- Work instruction -
A faithful, word-for-word copy of the data below is required, without pictures.
** Opening Exercise data block **
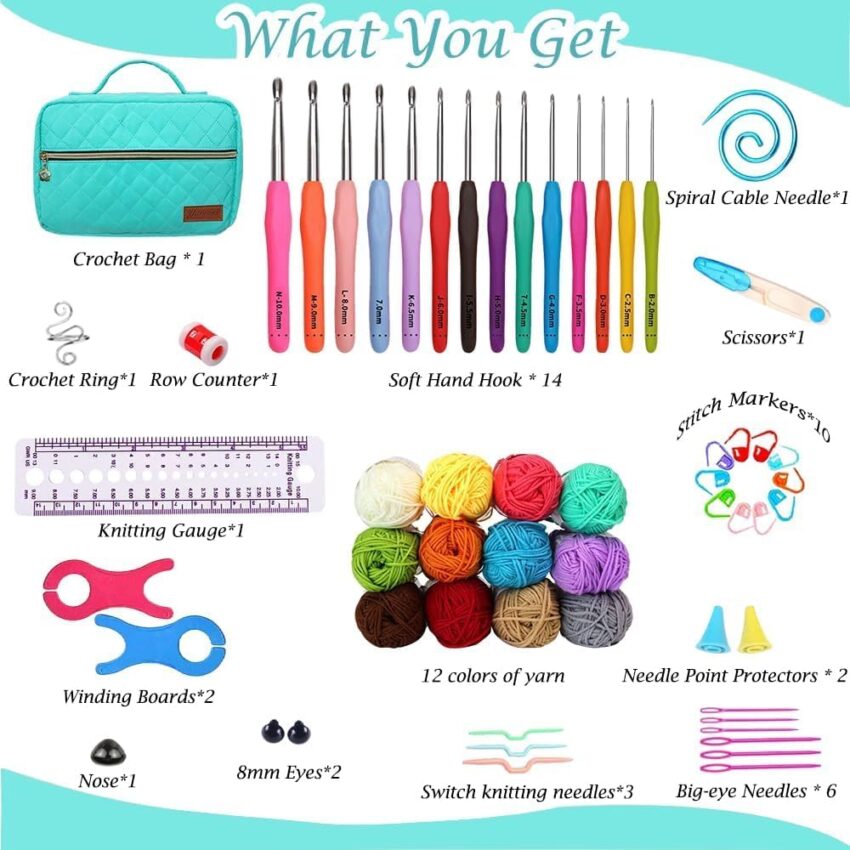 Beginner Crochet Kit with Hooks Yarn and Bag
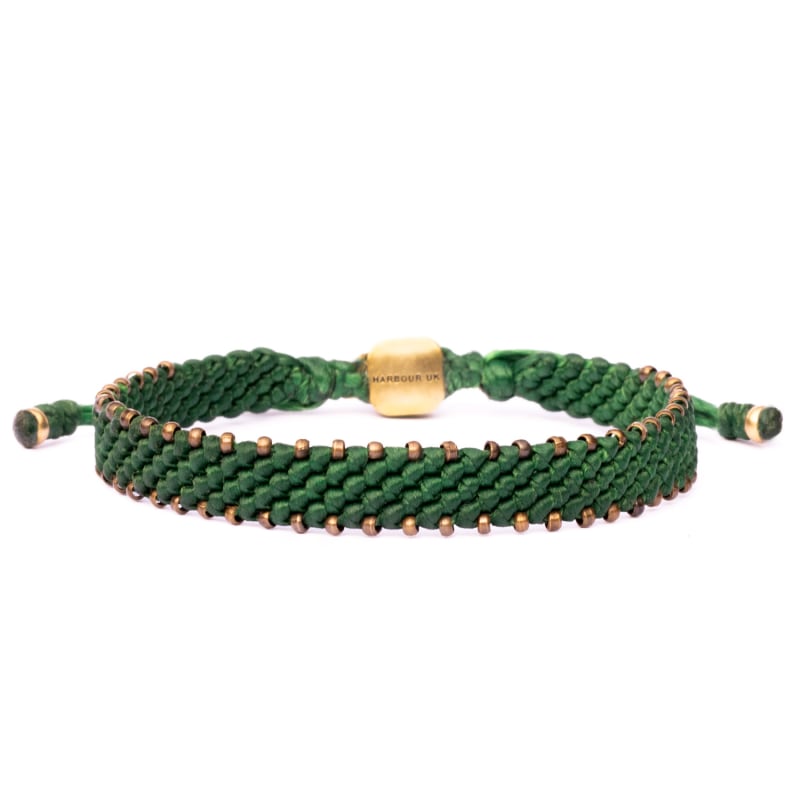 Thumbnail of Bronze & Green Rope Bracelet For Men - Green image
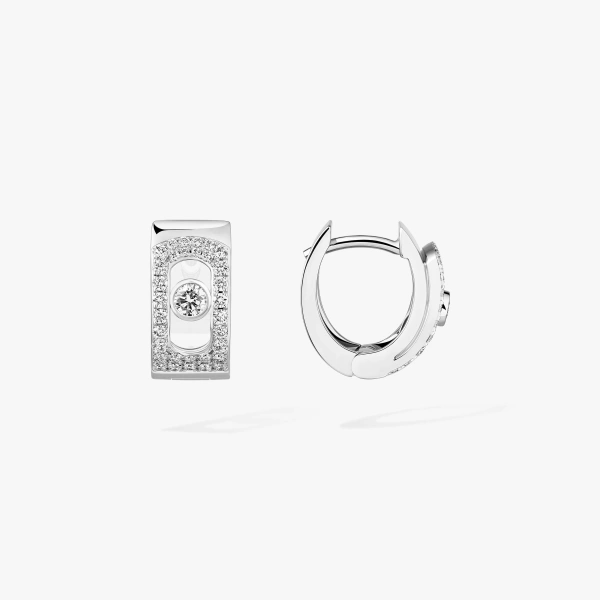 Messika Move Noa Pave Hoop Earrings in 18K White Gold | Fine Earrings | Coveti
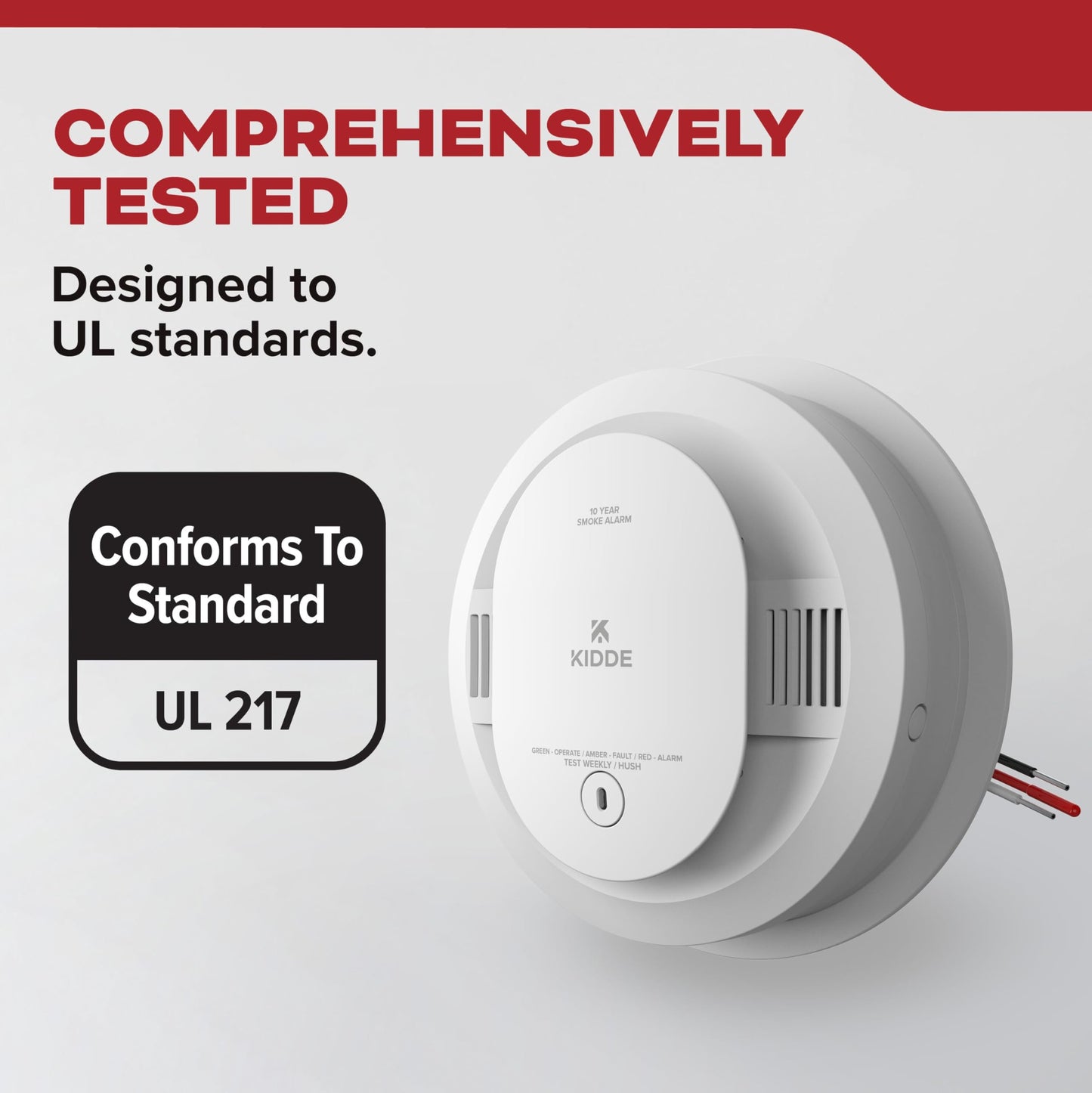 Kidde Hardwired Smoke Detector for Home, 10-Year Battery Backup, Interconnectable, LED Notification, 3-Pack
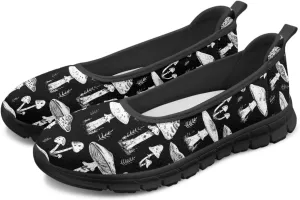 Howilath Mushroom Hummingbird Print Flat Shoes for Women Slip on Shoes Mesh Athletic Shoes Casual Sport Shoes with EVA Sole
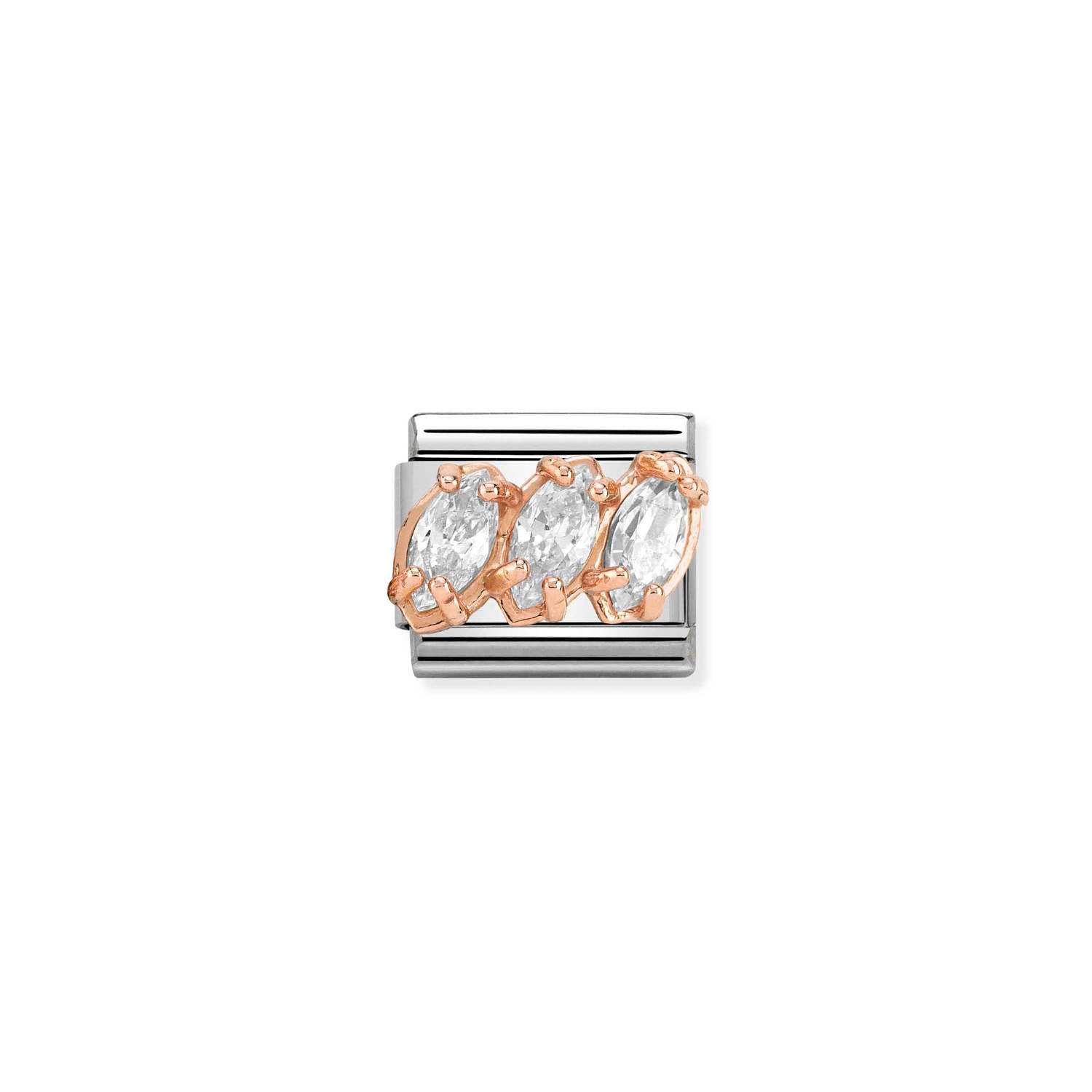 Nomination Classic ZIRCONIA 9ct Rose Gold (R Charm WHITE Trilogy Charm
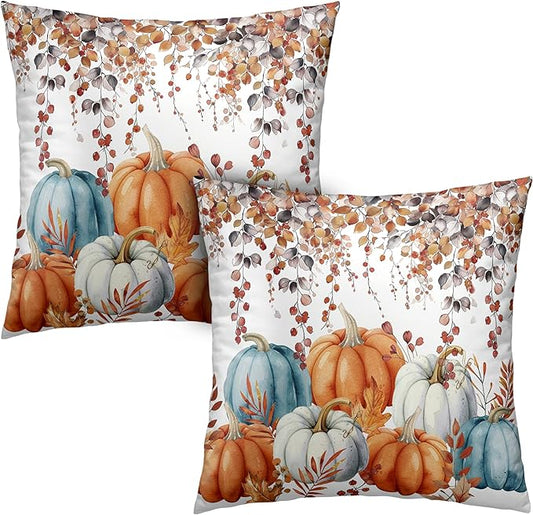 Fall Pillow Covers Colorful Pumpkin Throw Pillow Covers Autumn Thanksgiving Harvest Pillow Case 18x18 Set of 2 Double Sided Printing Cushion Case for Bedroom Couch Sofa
** Closing Exercise data block **
- Response for this exercise -
 Beginner Crochet Kit with Hooks Yarn and Bag
 Thumbnail of Bronze & Green Rope Bracelet For Men - Green image
 Messika Move Noa Pave Hoop Earrings in 18K White Gold | Fine Earrings | Coveti
 Kidde Hardwired Smoke Detector for Home, 10-Year Battery Backup, Interconnectable, LED Notification, 3-Pack
 Howilath Mushroom Hummingbird Print Flat Shoes for Women Slip on Shoes Mesh Athletic Shoes Casual Sport Shoes with EVA Sole
 Nomination Classic ZIRCONIA 9ct Rose Gold (R Charm WHITE Trilogy Charm
 Fall Pillow Covers Colorful Pumpkin Throw Pillow Covers Autumn Thanksgiving Harvest Pillow Case 18x18 Set of 2 Double Sided Printing Cushion Case for Bedroom Couch Sofa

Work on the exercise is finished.